(Data excerpts)

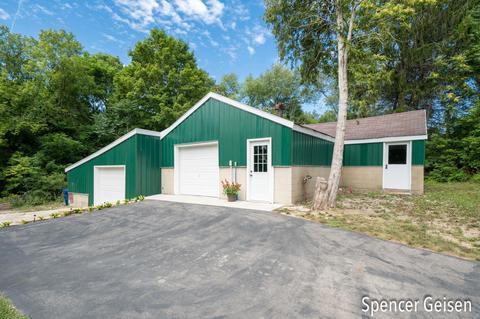 1235 S Bridge St, Belding, MI 48809 photo 49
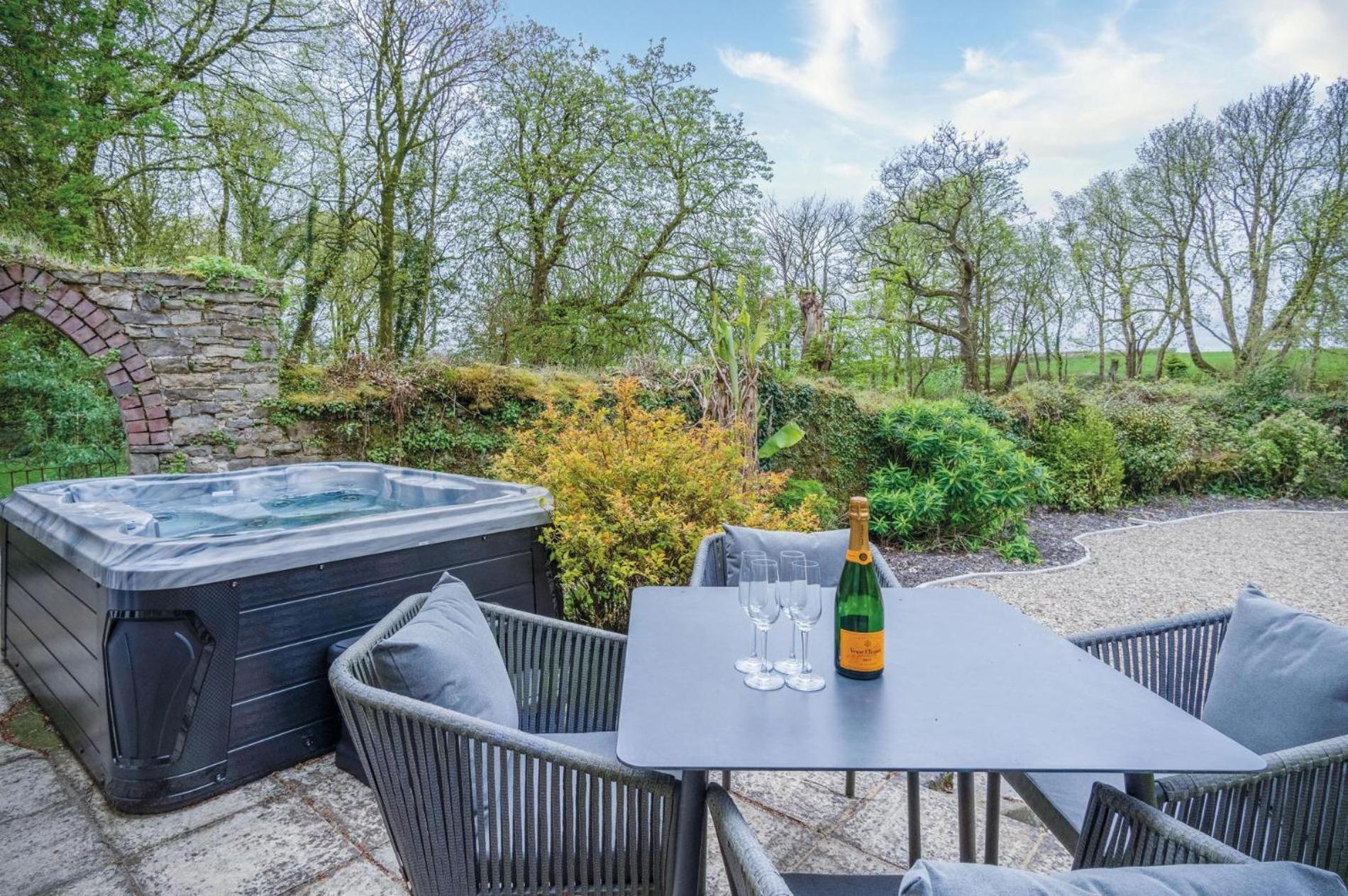The Stables - 2 Bedroom Cottage - Princes Gate Ludchurch Eksteriør billede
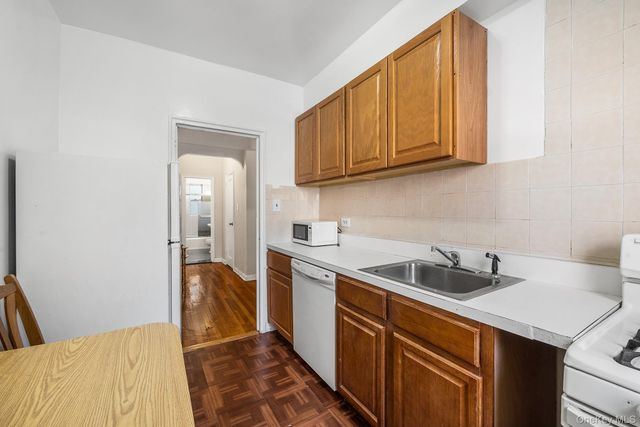 6360 102nd Street A11, Rego Park, NY 11374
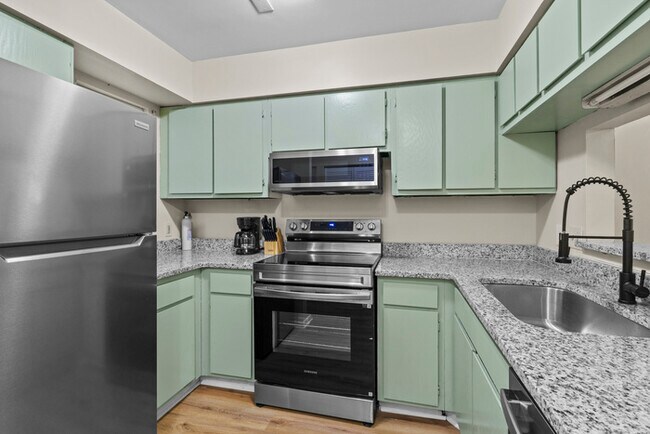 Building Photo - Fully remolded and furnished condo.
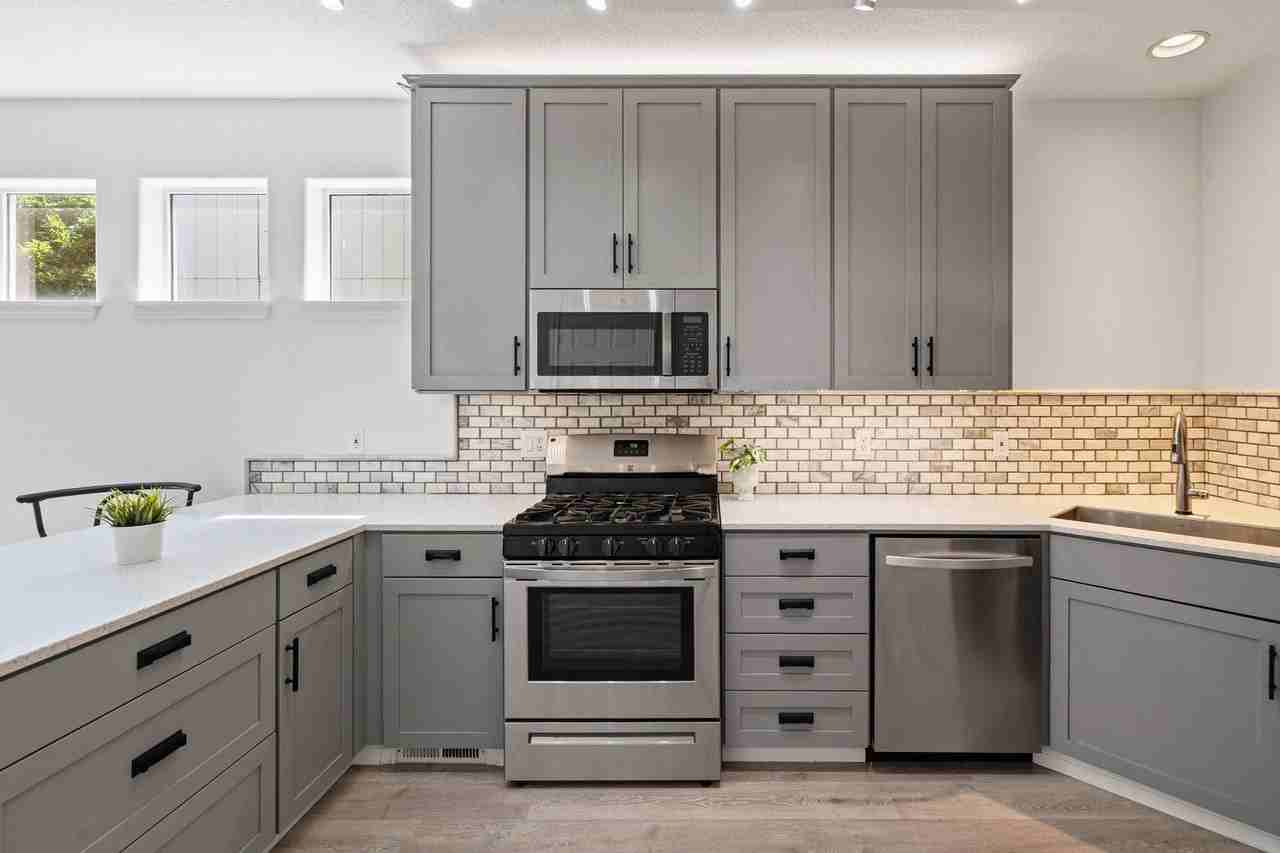 8526 N Haven Ave - Photo 7 of 38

AIM OF THE TASK >>
Could you reproduce the data above exactly, without its pictures?

OUTPUT FOR THIS EXERCISE >>
 1235 S Bridge St, Belding, MI 48809 photo 49
The Stables - 2 Bedroom Cottage - Princes Gate Ludchurch Eksteriør billede
 6360 102nd Street A11, Rego Park, NY 11374
 Building Photo - Fully remolded and furnished condo.
 8526 N Haven Ave - Photo 7 of 38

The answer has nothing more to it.